In our given problem, the student is trying to figure out the likelihood of missing the train, but this is dependent on if he gets let out of class late. This 'if' scenario is where conditional probability comes into play; it's the probability of missing the train given that he's already late. In formal terms, if we denote the event 'being let out of class late' as event A, and 'missing the train' as event B, then the conditional probability of B given A is written as P(B|A).

The probability multiplication rule is a fundamental concept used when we're dealing with two or more independent or dependent events and we want to know the probability of all events happening together. This is where we multiply the probabilities of each event. However, there's a crucial distinction to be made when applying this rule.
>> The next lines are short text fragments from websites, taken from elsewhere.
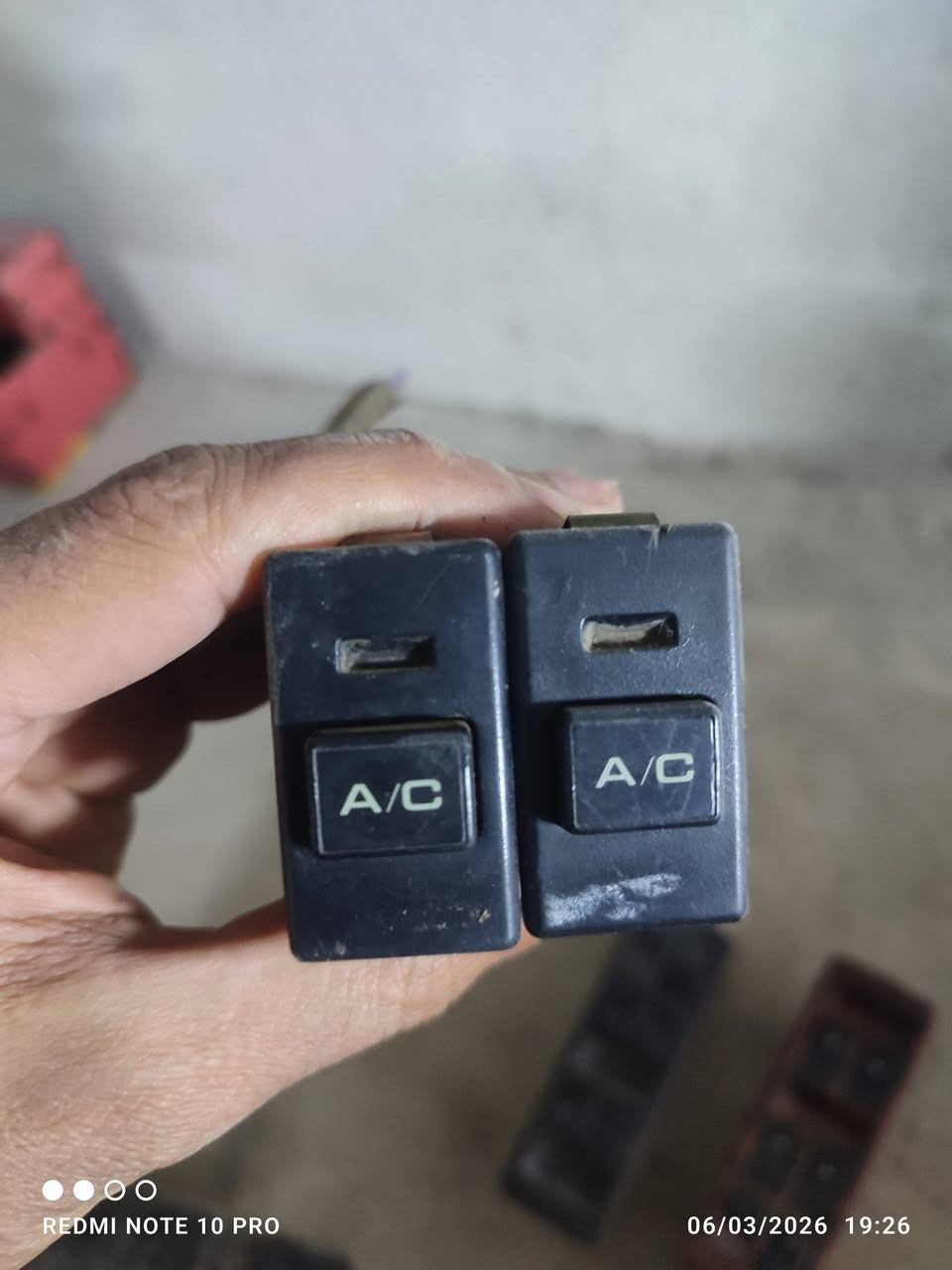 اغراض مازدا 626
موصل الجانب الايمن
***********
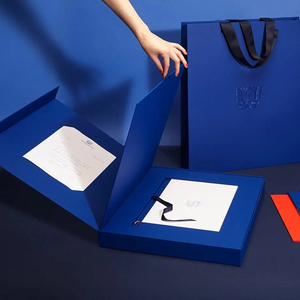 Caja de Regalo de Papel Rígido Magnética Plegable Rosa de Lujo con Logotipo Personalizado para Empacar con Bolsa de Papel - Product Image 2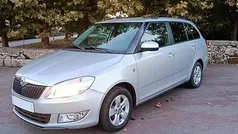Cinza Usado 2012 Skoda Fabia Carrinha | € 7.500 (Preço justo)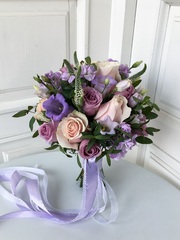 Свадебный букет из роз, маттиолы и зелени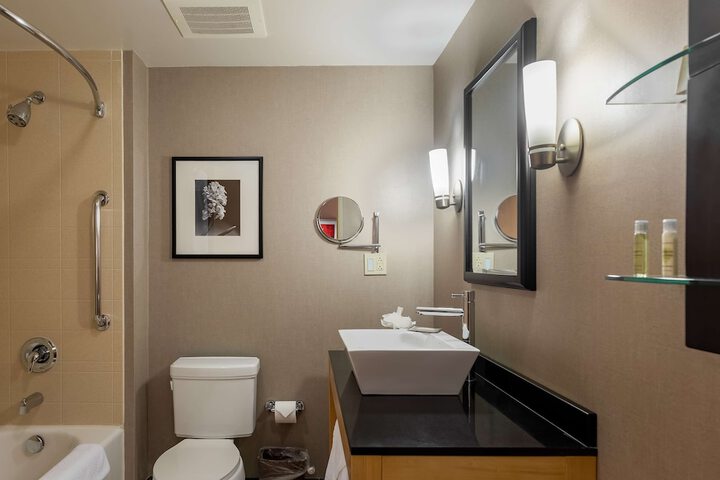 Room 11 of 26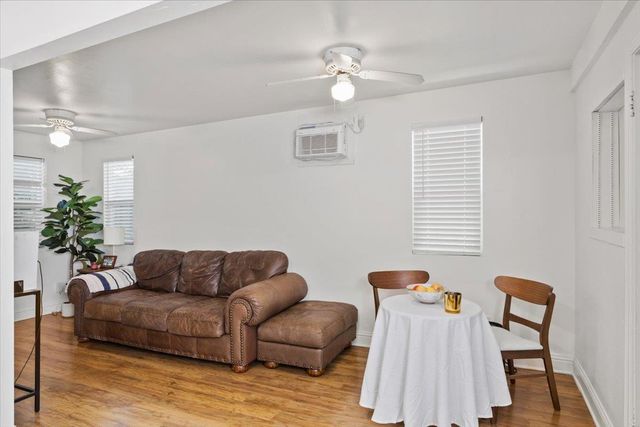 2305 Cantalier St, Sacramento, CA 95815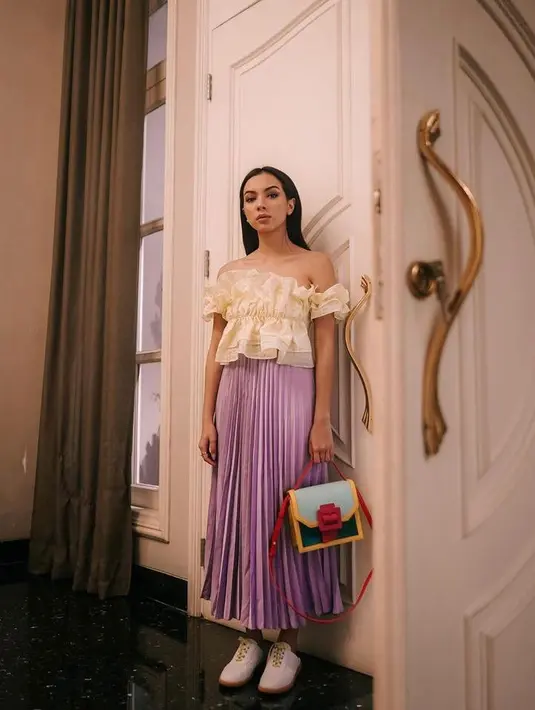 Kombinasi sabrina top dengan rok plisket bisa bikin penampilanmu stylish dan feminine. (Instagram/nazlaalifa).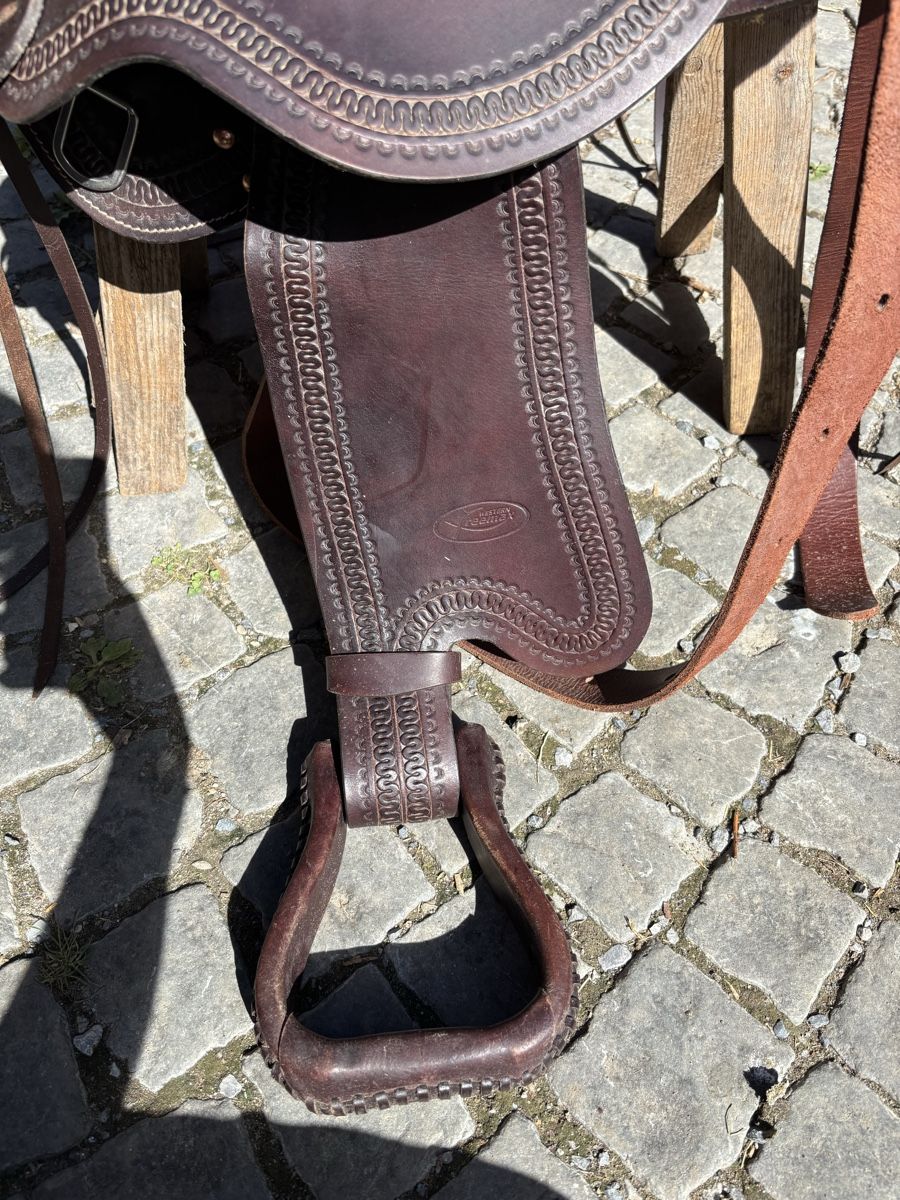 Selles, accessoires: Freemax-Westernsattel – D'occasion à St. Gallen par may_8fbd 3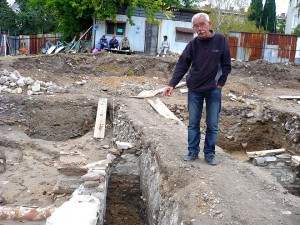 Основите на средновековна къща са стъпили върху зида на късноантичната римска сграда, показва ръководителят на разкопките Димитър Янков.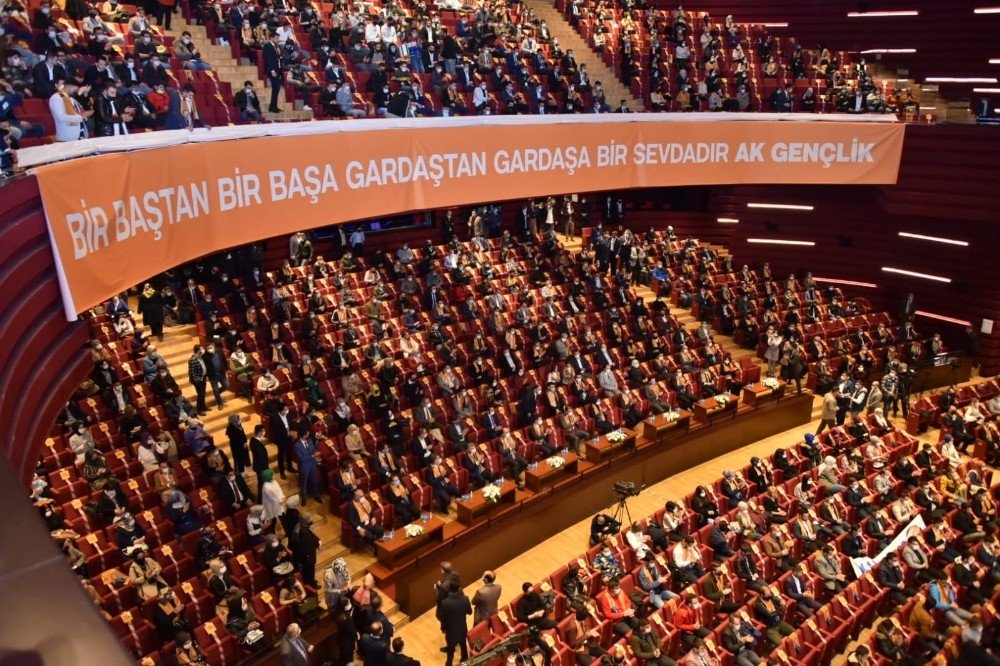 Ak Gençlik Konya’da Kongre Heyecanı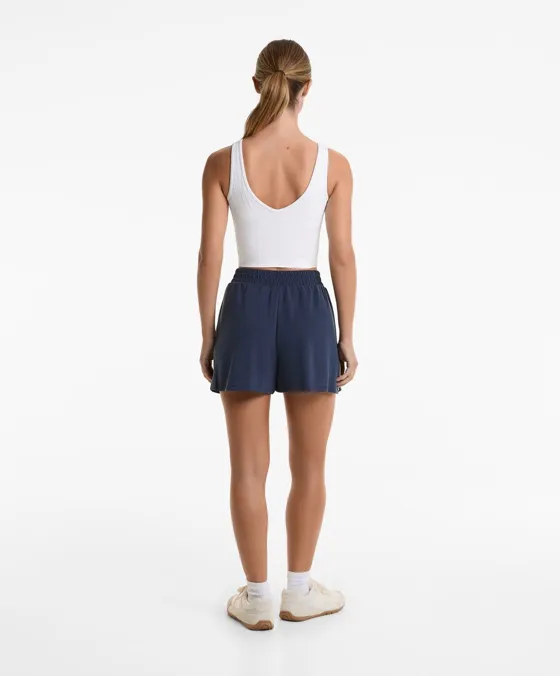 Топ-майка с рельефным узором «косы»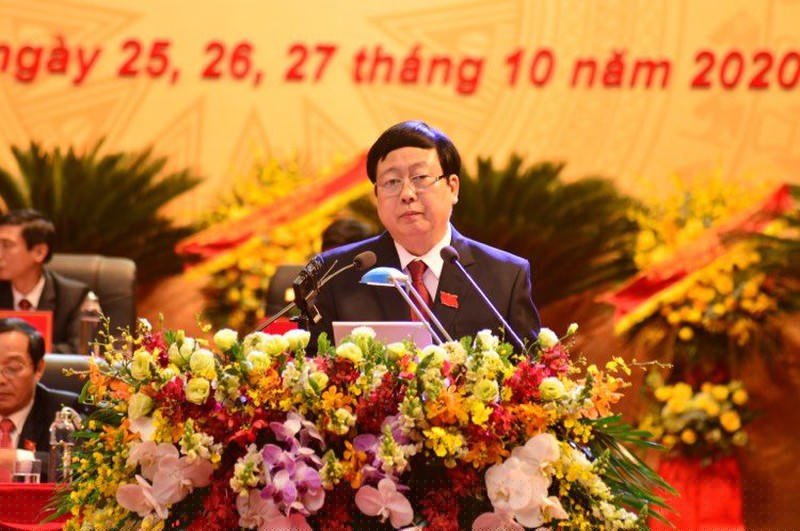 Đồng chí Nguyễn Dương Thái, Chủ tịch UBND tỉnh Hải Dương trình bày Báo cáo Chính trị tại Đại hội.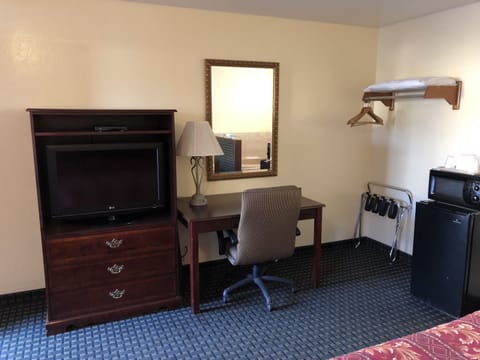 Desk, iron/ironing board, rollaway beds, free WiFi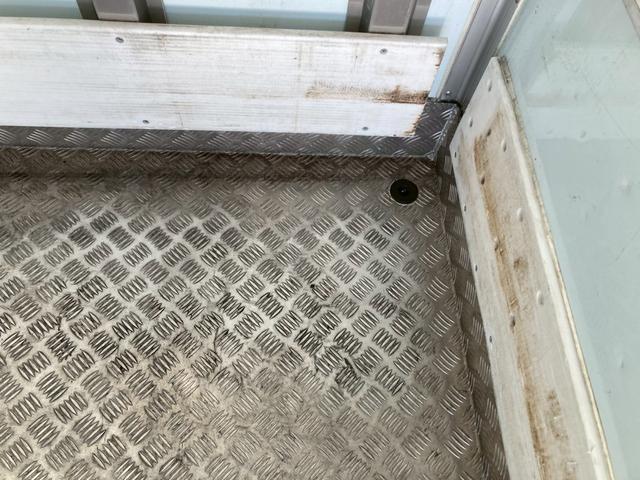 ヒノレンジャー 日野　中型冷蔵冷凍バン　最大積載２６５０ｋｇ　菱重製低温設定冷凍機　Ｒ４年１月製　格納パワーゲート　Ｒ４年７月製　左ラッシングレール２段　床板シマ鋼板　ゲート用ラジコン　６２ワイド　最大積載量２６５０ｋｇ（44枚目）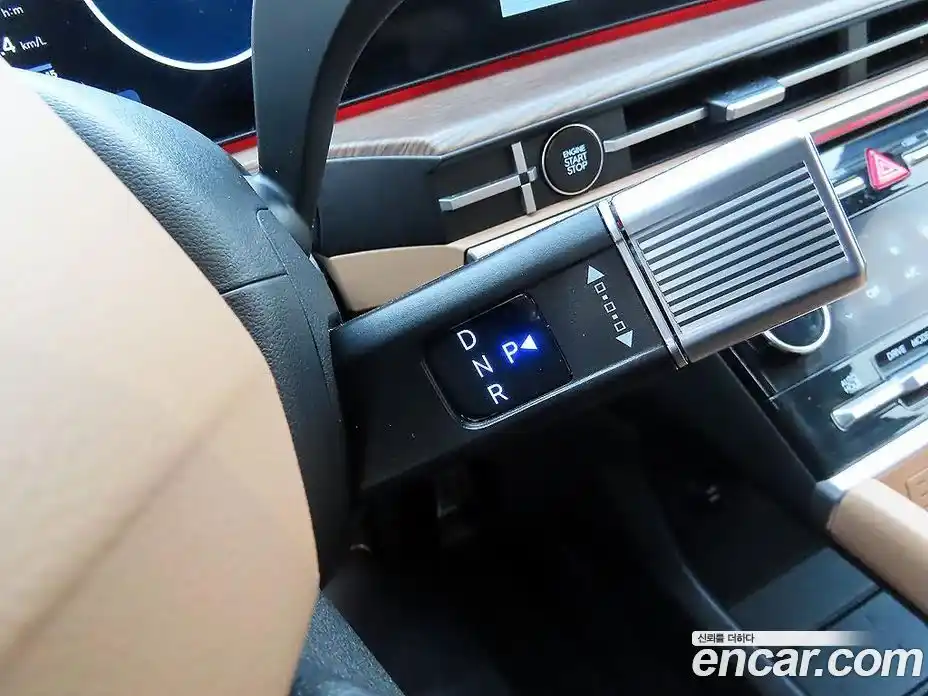 Hyundai Santa Fe 2024 2.5 Автомат в Москве № 530478, фото 11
If the events are independent, simply put, events that do not affect each other's outcomes, we would multiply their probabilities directly. On the other hand, when events are dependent, meaning the outcome of one event does affect the outcome of another, we would typically need to use conditional probabilities, as they reflect how the events interact with one another.

In our exercise, we're dealing with dependent events: the student being let out of class late and the student missing his train. To find the joint probability that both events will occur, we multiply the probability of the first event by the conditional probability of the second event occurring given that the first one has happened.

When we refer to the event outcome probability, we're talking about the likelihood of a specific outcome happening. It's a basic but powerful way to quantify the unpredictability of events in a numerical form, usually ranging from 0 (impossible event) to 1 (certain event). Probabilities can also be expressed as percentages, like what we see in our example, where the chances are given in percentages.

To break down the problem: we have two events with their individual outcome probabilities. The first probability is that the student leaves class late (30%), and the second is the conditional probability if he's late, the chance of him missing the train (45%). Even without the added complexity of conditional probabilities or multiplication rules, understanding event outcome probability is crucial as it serves as the building block for more complex probability calculations.